Task to complete: Records follow. Print exactly the lines from the one that has "FENDT 826 VARIO PROFI + - Photo 4" through the one that has "New 2026 Porsche Panamera 4 Hatchback", inclusive, and omit the pictures.

Extracted records:
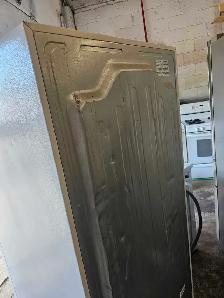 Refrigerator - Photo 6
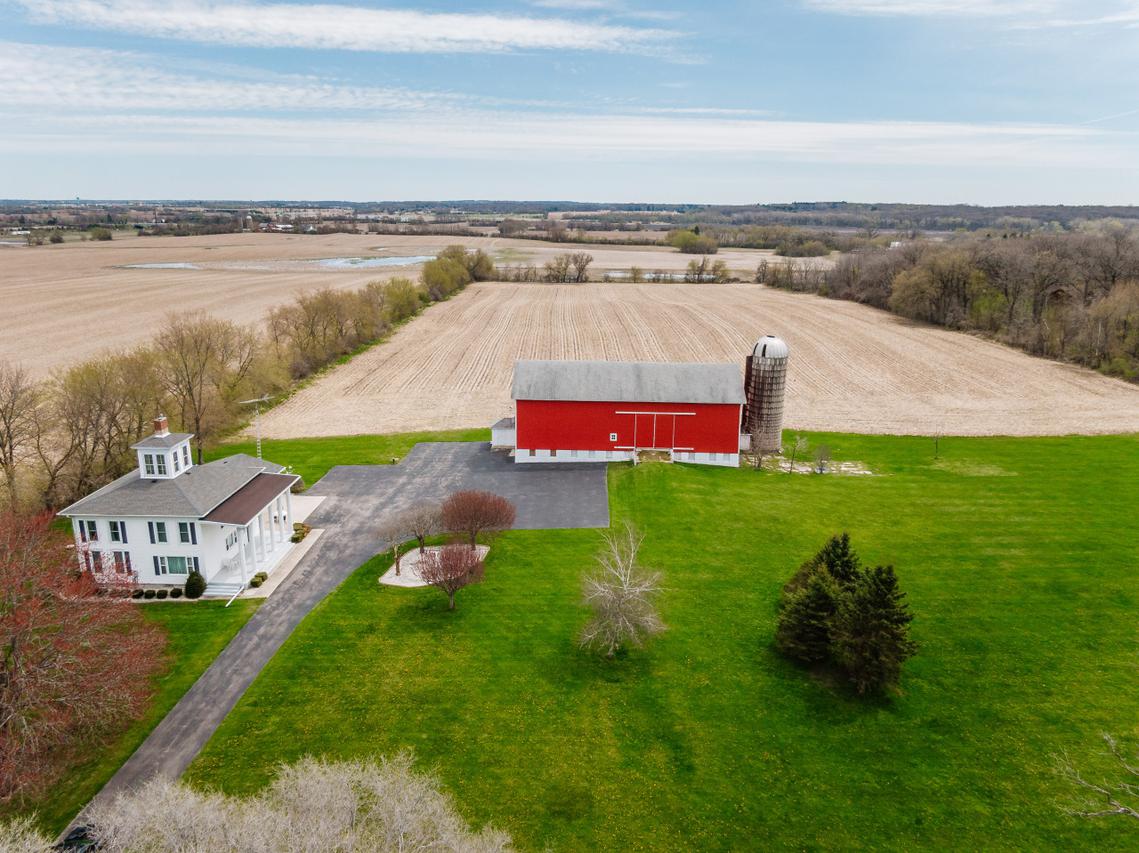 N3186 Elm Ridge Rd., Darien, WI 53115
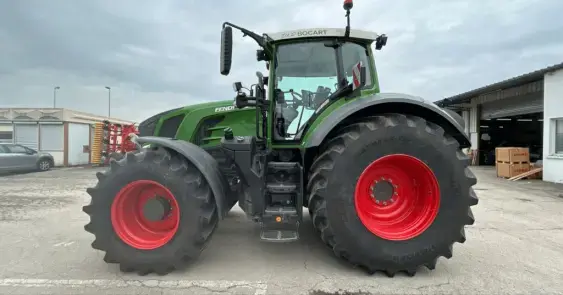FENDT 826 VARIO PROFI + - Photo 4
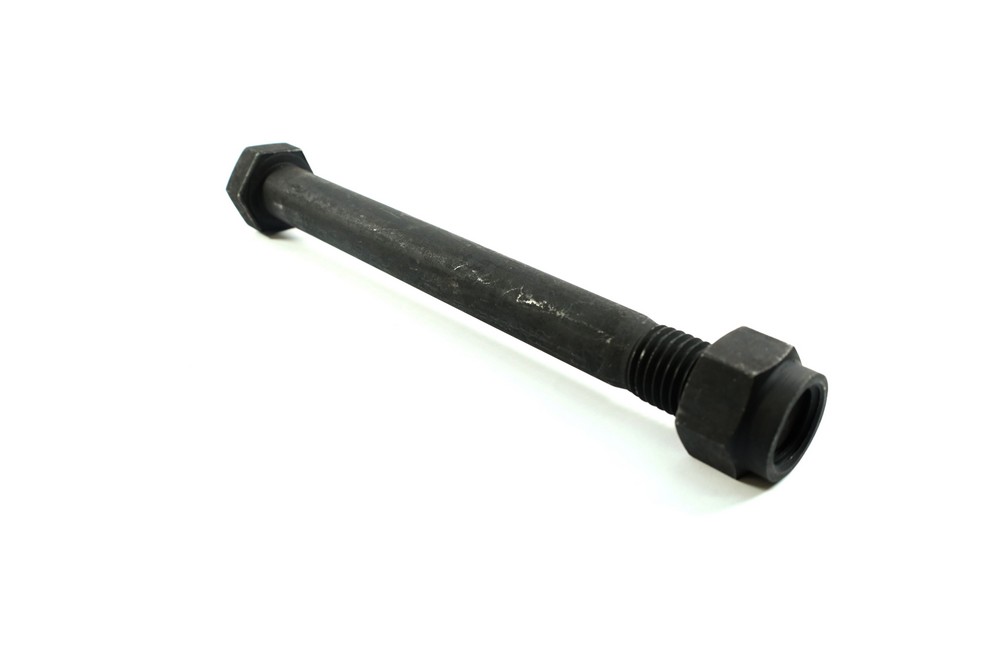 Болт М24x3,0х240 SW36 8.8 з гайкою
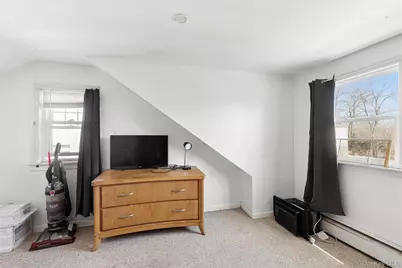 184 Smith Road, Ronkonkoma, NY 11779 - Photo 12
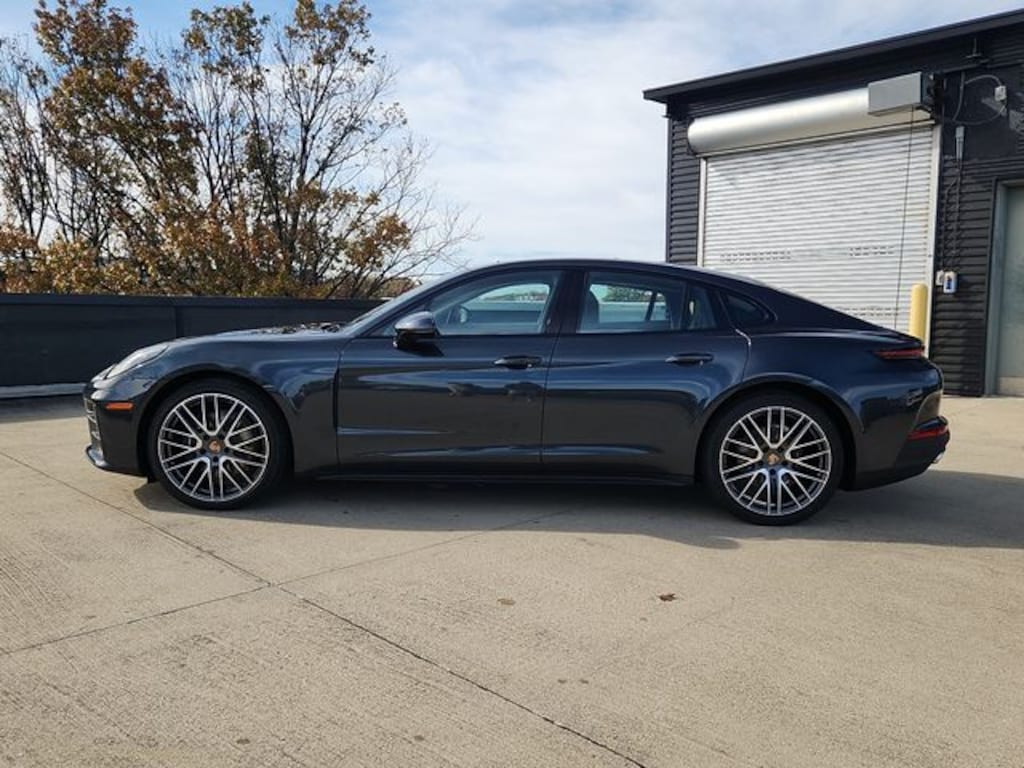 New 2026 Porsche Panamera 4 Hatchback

---

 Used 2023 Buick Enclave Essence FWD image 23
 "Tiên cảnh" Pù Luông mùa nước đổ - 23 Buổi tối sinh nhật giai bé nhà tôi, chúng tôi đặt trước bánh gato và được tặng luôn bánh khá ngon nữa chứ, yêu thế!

Solution:
FENDT 826 VARIO PROFI + - Photo 4
 Болт М24x3,0х240 SW36 8.8 з гайкою
 184 Smith Road, Ronkonkoma, NY 11779 - Photo 12
 New 2026 Porsche Panamera 4 Hatchback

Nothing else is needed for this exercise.